>>>

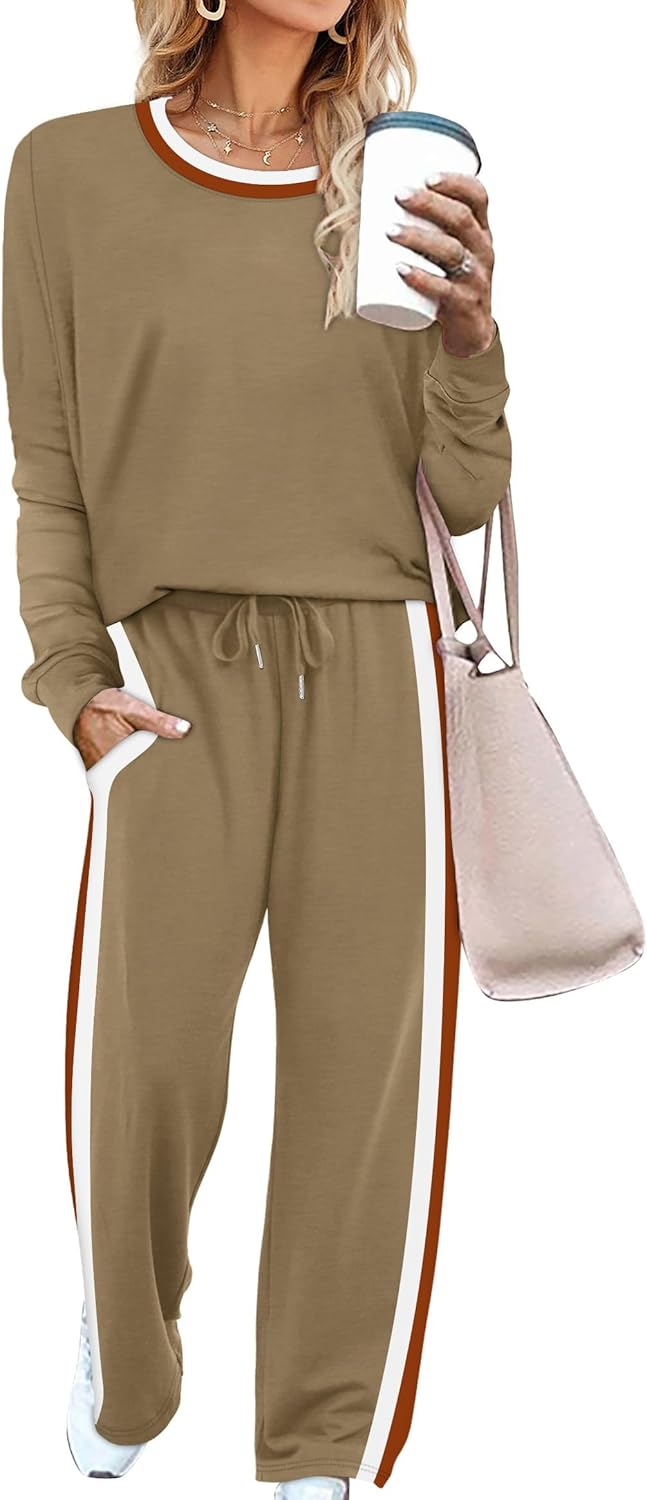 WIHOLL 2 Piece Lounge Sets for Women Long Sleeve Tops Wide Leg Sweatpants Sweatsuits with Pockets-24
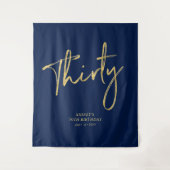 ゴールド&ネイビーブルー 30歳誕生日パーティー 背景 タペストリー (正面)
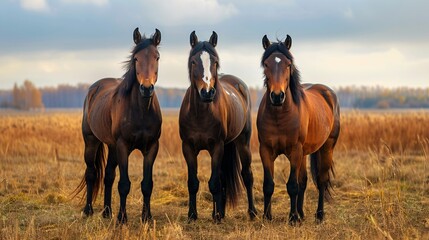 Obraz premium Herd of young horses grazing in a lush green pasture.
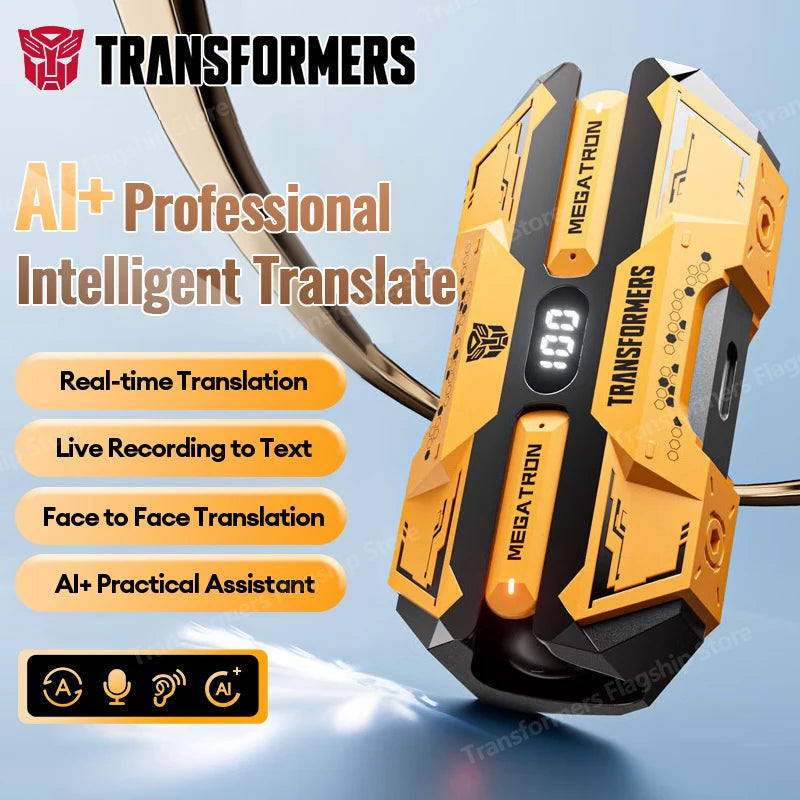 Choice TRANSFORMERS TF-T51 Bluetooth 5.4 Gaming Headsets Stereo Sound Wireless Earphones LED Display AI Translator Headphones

<<<

▸ **Exercise**: When you write out the material again, keep every word exact and omit the pictures.

▸ **Answer for this exercise**:
 WIHOLL 2 Piece Lounge Sets for Women Long Sleeve Tops Wide Leg Sweatpants Sweatsuits with Pockets-24
 ゴールド&ネイビーブルー 30歳誕生日パーティー 背景 タペストリー (正面)
 Obraz premium Herd of young horses grazing in a lush green pasture.
 Choice TRANSFORMERS TF-T51 Bluetooth 5.4 Gaming Headsets Stereo Sound Wireless Earphones LED Display AI Translator Headphones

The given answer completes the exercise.